Narrado em um longo monólogo, o percurso íntimo, extremo, é povoado também de outras vozes, memórias e referências –literárias, filosóficas e mitológicas– que não acabam mais.
Muito sinteticamente, é este o universo de “Os Piores Dias de Minha Vida Foram Todos”, título que vem a calhar para completar a sinopse do novo livro de Evandro Affonso Ferreira.
Terceiro volume de uma trilogia, ele se assemelha em tudo aos seus predecessores –”Minha Mãe se Matou Sem Dizer Adeus”, de 2010, e “O Mendigo que Sabia de Cor os Adágios de Erasmo de Rotterdam”, de 2012.
No conjunto, ilustram de saída um marco do romance, em que reiteração e recorrência, assumidos, se espalham pelos temas, pela estrutura ficcional e pelos recursos narrativos.
PRECISÃO
Com regularidade, o monólogo oscila entre a consciência da narradora sobre sua condição; as ruas; a justificativa do delírio; a lembrança de um grande amigo; e também ao seu paradigma mais geral –Antígona, a filha de Édipo que preferiu ser enterrada viva a deixar o corpo do irmão insepulto.
Nessa fórmula de precisão quase matemática, não existe desvio possível. A reiteração se aplica, inclusive, ao léxico e ao estilo particulares: nomes reforçados por pronomes; enfileiramento de substantivos e adjetivos similares; frases, palavras, expressões marteladas à obsessão.
EQUAÇÃO
Se a metáfora das exatas é aceitável, “Os Piores Dias”¦” é uma equação que se faz inteiramente de hipérboles, no que elas têm –no sentido geométrico ou retórico– de fechado, previsível e exagerado.
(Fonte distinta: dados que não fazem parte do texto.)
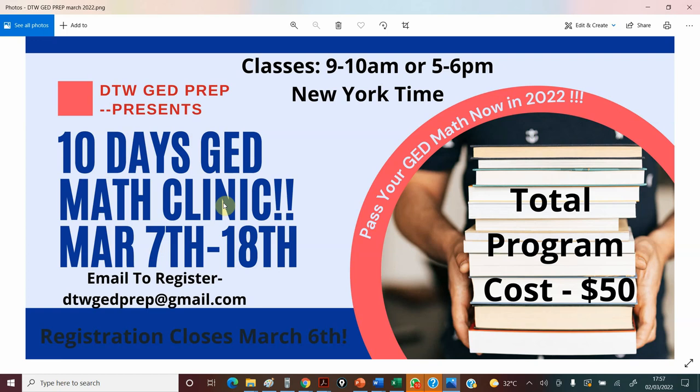We're going to be doing this every month — March, April, May, June, July — just to support you and make sure you get your GED math out of the way. I'll leave a Google Form link so you can put your details and the months you're interested in, and I'll send you the date when it's available. For March, this runs from the 7th to the 18th — that's next week Monday — 10 days. Registration closes March 6th. Send a mail and I'll send you payment details. It's just $50.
Lá pelas tantas, nada surpreende: a quantidade de vezes em que a expressão “in totum” aparece no monólogo; as construções como “súbita dor cruciante tremura exasperação sangradura abortífera”; a frequência com que, judiciosa, a narrativa nomeia a “parvoíce” e “patetice” das pessoas ao redor.
Em certo sentido, “Os Piores Dias”¦” está cheio de elementos para se defender diante da banca.
Mas, em muitos outros, não resiste à realidade vulgar que, a propósito, ele faz questão de repelir.
No varejo das coisas, reiteração e ênfase meramente formais se transformam em pura repetição, em insistência. Coisas que, com raríssimas exceções, resultam em aborrecimento.
Evandro Affonso Ferreira já disse que não se importa com a falta de leitores para seus livros. E isso sempre em referência à avaliação de que sua prosa, hermética, se contrapunha a uma literatura de consumo fácil.
Na ponta do lápis, a avaliação é imprecisa: no universo reduzido de público de boa literatura, as referências eruditas dos livros de Evandro não são tão difíceis assim. O mesmo se aplica ao vocabulário tortuoso e à sintaxe.
Incluir na conta da falta de leitores a multidão que prefere os best-sellers (ou livro nenhum) é promover uma distorção estatística.
Vale, sim, considerar outra hipótese. A de que, depois de tantos ensaios experimentalistas, a obra de Evandro tenha se encantado por uma espécie de neobeletrismo. Nas suas referências clássicas, no vocabulário culto, no orgulhoso universo reduzido de leitores.